Entries shown:
__________

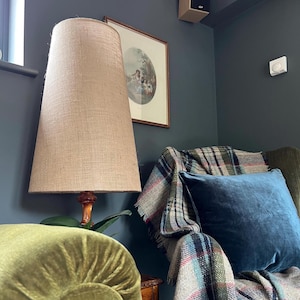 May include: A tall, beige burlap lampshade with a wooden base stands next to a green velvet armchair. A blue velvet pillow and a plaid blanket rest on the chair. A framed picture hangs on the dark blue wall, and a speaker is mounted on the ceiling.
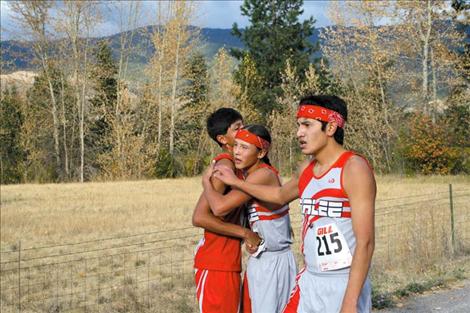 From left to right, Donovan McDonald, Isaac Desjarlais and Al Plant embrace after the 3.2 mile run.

__________

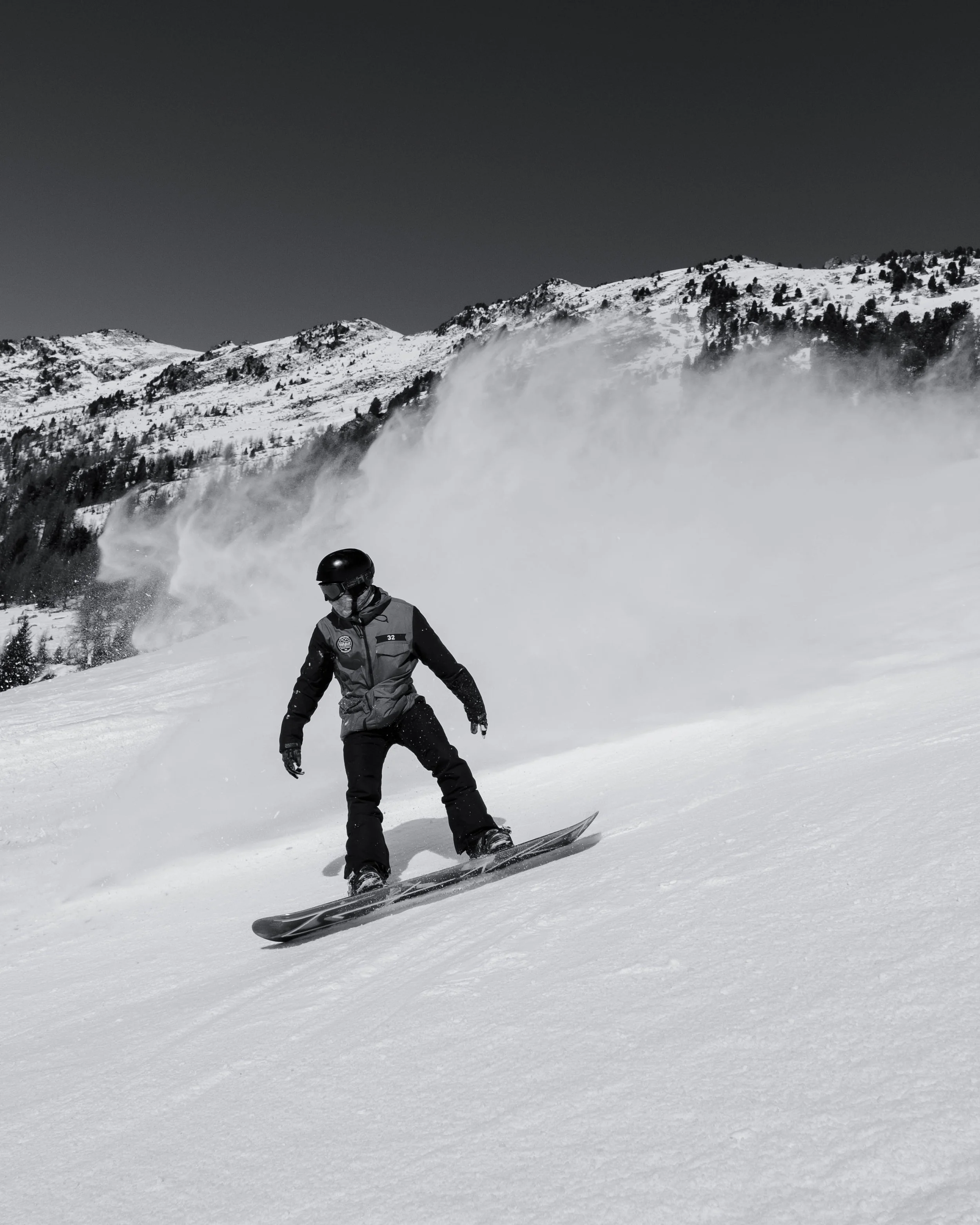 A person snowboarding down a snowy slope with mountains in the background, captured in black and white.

__________

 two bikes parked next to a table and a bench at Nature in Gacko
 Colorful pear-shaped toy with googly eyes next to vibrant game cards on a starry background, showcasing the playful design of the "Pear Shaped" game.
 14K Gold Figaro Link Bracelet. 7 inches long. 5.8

__________

What you have to do: Only the lines above starting at the line that holds "two bikes parked" and ending at the line that holds "14K Gold Figaro" are to be repeated, exactly and in full.

Written solution:
 two bikes parked next to a table and a bench at Nature in Gacko
 Colorful pear-shaped toy with googly eyes next to vibrant game cards on a starry background, showcasing the playful design of the "Pear Shaped" game.
 14K Gold Figaro Link Bracelet. 7 inches long. 5.8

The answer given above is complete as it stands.